At this groove (the infraclavicular fossa), the cephalic vein pierces the clavipectoral fascia, which is a structure of connective tissue buried under the pectoralis major muscle. It empties the traveling blood into the first part of the axillary vein. Thus, this is where the cephalic vein terminates. At this point, the axillary vein is now called the subclavian vein.

The subclavian vein then meets the internal jugular vein to form the brachiocephalic vein. The brachiocephalic vein is found in the upper chest, where it merges with its partner on the other side of the body (i.e., the veins from the left and right side come together). When they unite, the pair of brachiocephalic veins form the superior vena cava, which directly returns blood to the heart for oxygenation.

Accessory Cephalic Vein

The accessory cephalic vein joins the cephalic vein just below the elbow. The anatomy of this vein is variable. Sometimes it arises from the dorsal venous network; other times, it stems from a small network of veins on the back of the forearm.
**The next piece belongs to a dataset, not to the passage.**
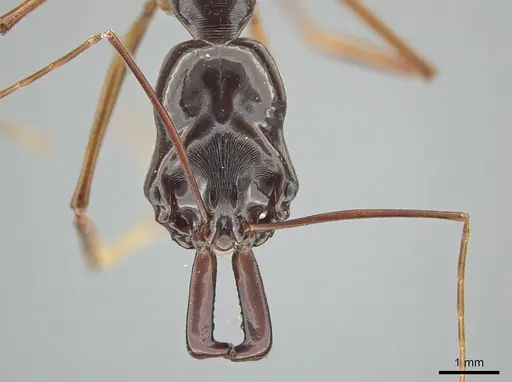 Odontomachus procerus specimen ZRC image zrc_ent00000647_2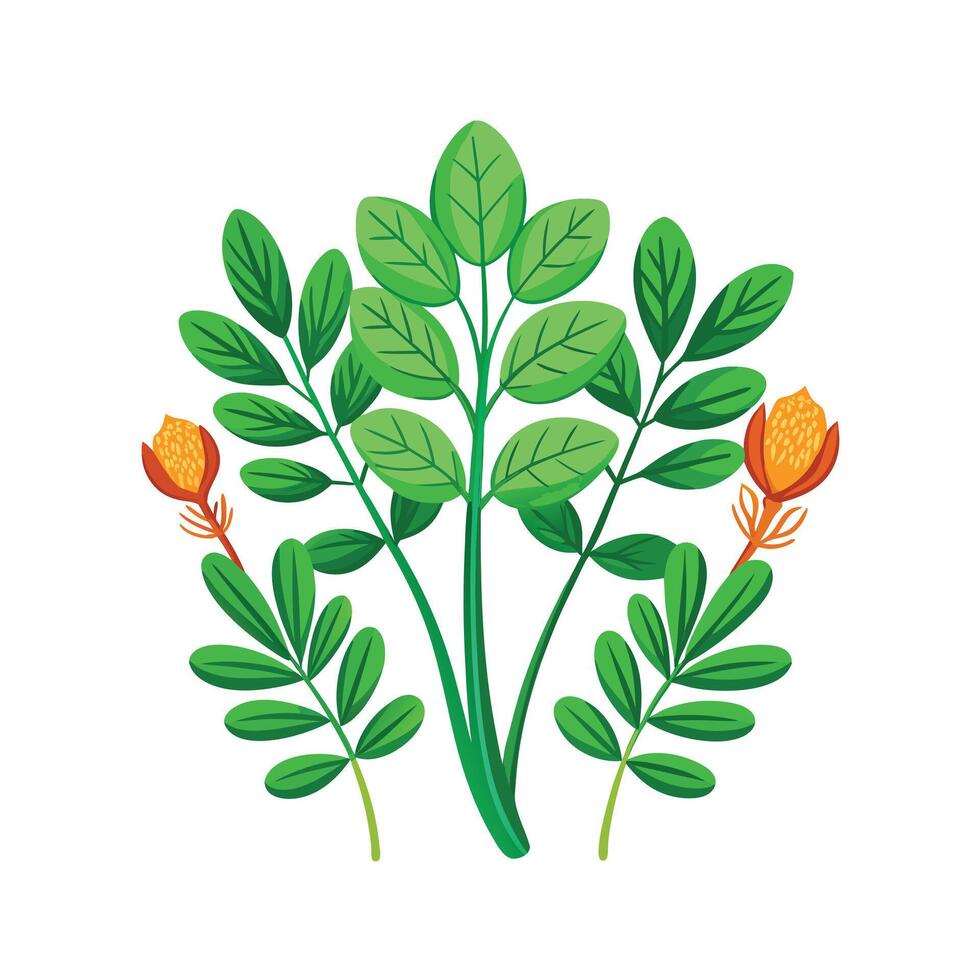 Realistic Beautiful Herbs Illustration vector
Clinical Relevance of the Cephalic Vein

Medical Procedures

The cephalic vein is relatively large and often visible through the skin, and can be an attractive candidate for healthcare practitioners to draw blood through venipuncture. This is also the case for dogs! Collecting blood from the cephalic vein in canines is the most comfortable position for the animal during the procedure.

Canine venipuncture of cephalic vein
A dog undergoing venipuncture via the cephalic vein

Additionally, the cephalic vein is often where the leads of permanent pacemakers are inserted to maintain an adequate heart rate. This is because, at the deltopectoral groove, the anatomy and location are highly consistent between individuals, so it is a reliable choice.
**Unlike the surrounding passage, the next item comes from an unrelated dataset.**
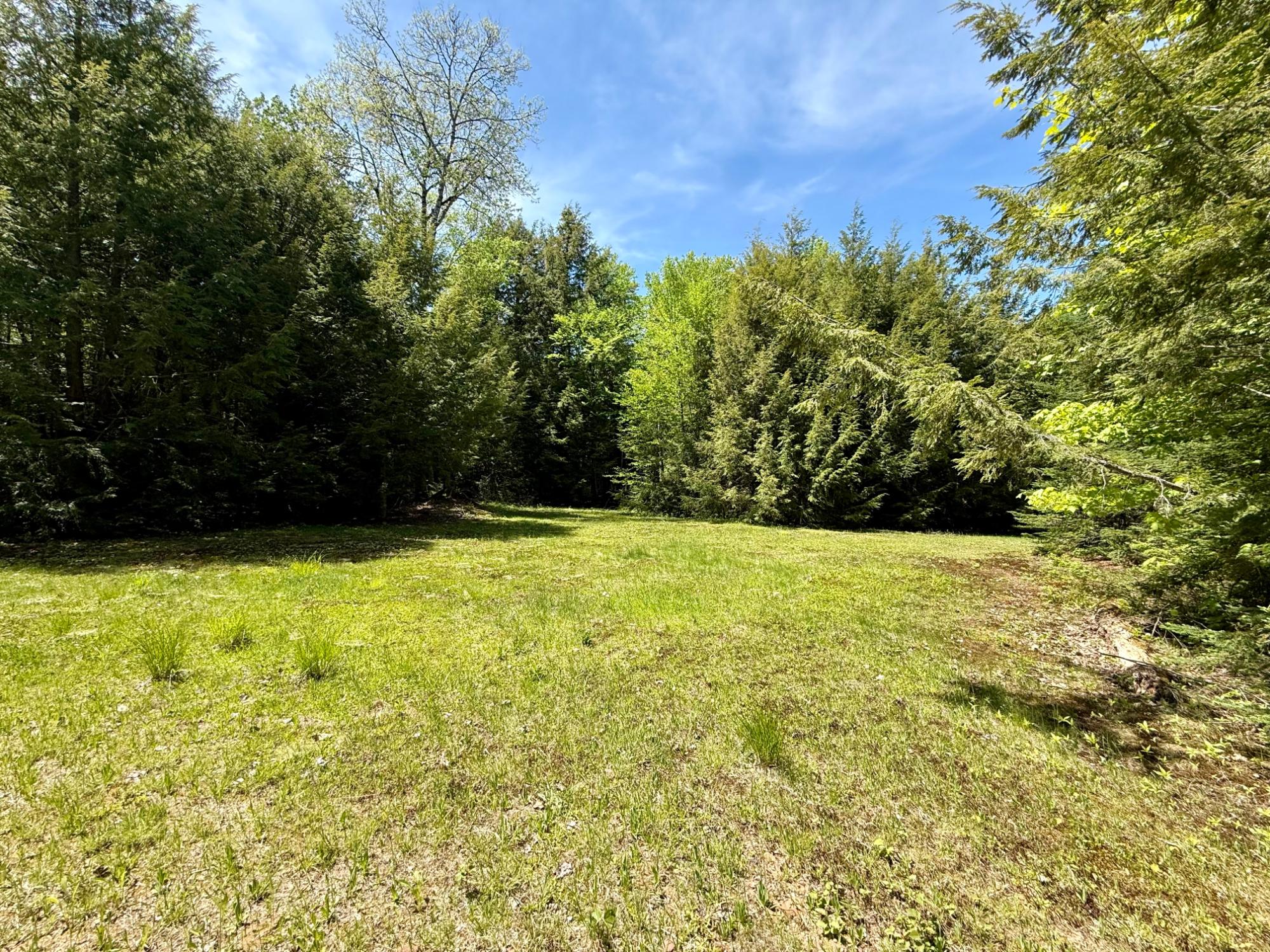 Undocumented Lake Property Lot 1 Briggs Ln Photo 4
Superficial Vein Thrombosis

Superficial vein thrombosis (SVT) is a blood clot in a superficial vein (as opposed to deep vein thrombosis, which is a blood clot in a deeper vein system). SVT is far less dangerous than deep vein thrombosis, but it can lead to complications such as pulmonary embolism.

Symptoms of SVT include pain, redness, and swelling in the area. They usually involve the veins of the legs, but they can involve the arms, including the cephalic vein. Treatment includes compression, increased physical activity to reduce time spent sedentary, and anti-coagulant medication.